[Opening Source data section]
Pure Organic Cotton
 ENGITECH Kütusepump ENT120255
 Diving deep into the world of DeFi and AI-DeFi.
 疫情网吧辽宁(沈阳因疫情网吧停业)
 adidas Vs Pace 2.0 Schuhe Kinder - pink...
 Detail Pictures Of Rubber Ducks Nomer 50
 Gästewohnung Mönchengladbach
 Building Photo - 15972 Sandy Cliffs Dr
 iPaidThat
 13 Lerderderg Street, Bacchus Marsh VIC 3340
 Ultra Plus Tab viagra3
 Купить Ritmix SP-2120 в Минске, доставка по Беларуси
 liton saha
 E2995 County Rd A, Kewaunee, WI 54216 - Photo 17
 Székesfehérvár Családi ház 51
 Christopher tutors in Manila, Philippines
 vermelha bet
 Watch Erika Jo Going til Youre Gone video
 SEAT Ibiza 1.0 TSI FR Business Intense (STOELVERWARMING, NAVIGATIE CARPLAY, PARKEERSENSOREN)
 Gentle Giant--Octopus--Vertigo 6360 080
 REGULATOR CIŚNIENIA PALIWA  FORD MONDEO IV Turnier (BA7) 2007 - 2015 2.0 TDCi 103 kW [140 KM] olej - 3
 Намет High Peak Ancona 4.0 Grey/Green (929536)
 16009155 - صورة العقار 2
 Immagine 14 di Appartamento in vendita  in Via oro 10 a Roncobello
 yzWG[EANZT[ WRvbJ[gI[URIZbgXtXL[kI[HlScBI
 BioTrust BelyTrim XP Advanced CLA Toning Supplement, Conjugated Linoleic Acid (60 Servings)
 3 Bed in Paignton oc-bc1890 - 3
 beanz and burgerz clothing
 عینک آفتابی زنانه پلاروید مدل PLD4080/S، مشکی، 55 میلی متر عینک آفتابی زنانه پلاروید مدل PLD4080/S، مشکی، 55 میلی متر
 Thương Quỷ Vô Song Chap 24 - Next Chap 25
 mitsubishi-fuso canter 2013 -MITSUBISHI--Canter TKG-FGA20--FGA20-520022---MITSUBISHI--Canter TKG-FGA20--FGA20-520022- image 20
[Closing Source data section]
▶ _What you are asked to do_: Filter the data above by the word "Photo" and copy every line that matches.

▶ _Reply_:
 Building Photo - 15972 Sandy Cliffs Dr
 E2995 County Rd A, Kewaunee, WI 54216 - Photo 17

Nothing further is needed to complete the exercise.